Tutorial 6: The Normal Distribution

Objective

If you’ve never coded before (or even if you have), type "Your Name" in the interactive R chunk below and run it by hitting crtl+Enter or cmd+Enter for MAC users.

Throughout this tutorial we’ll investigate the probability distribution that is most central to our study of statistics: the normal distribution. If we are confident that our data are nearly normal, that opens the door to many powerful statistical methods. This tutorial gives you practice in working with normally distributed data.

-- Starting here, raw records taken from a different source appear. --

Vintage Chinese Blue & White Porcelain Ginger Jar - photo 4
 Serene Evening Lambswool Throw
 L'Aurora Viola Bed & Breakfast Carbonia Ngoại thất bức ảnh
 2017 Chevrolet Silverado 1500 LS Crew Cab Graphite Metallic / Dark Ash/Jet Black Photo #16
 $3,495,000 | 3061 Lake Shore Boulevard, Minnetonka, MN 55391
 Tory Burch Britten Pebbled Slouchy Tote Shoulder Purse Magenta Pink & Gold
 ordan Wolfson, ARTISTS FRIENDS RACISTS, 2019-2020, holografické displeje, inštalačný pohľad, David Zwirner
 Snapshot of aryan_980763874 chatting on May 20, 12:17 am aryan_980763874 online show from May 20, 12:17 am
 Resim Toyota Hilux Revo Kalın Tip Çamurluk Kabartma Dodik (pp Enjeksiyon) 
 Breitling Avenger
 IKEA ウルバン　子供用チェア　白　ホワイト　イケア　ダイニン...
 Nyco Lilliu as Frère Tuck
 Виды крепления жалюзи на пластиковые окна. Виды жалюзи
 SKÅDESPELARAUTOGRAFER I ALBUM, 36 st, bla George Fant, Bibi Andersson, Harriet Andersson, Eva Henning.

Tutorial Objectives: After completing this tutorial you should be able to:

Compute probabilities of events well-modeled by a normal distribution.
Given a variable \(X\) which follows an assumed normal distribution, compute and interpret various percentile thresholds for \(X\).
Identify scenarios to which the normal or binomial distributions can be applied, and use them to answer various probability-related questions.

The Normal Distribution

Definition: If a random variable \(X\) is normally distributed with mean \(\mu\) and standard deviation \(\sigma\), we often write \(X\sim N\left(\mu, \sigma\right)\). Three different normal distributions appear below.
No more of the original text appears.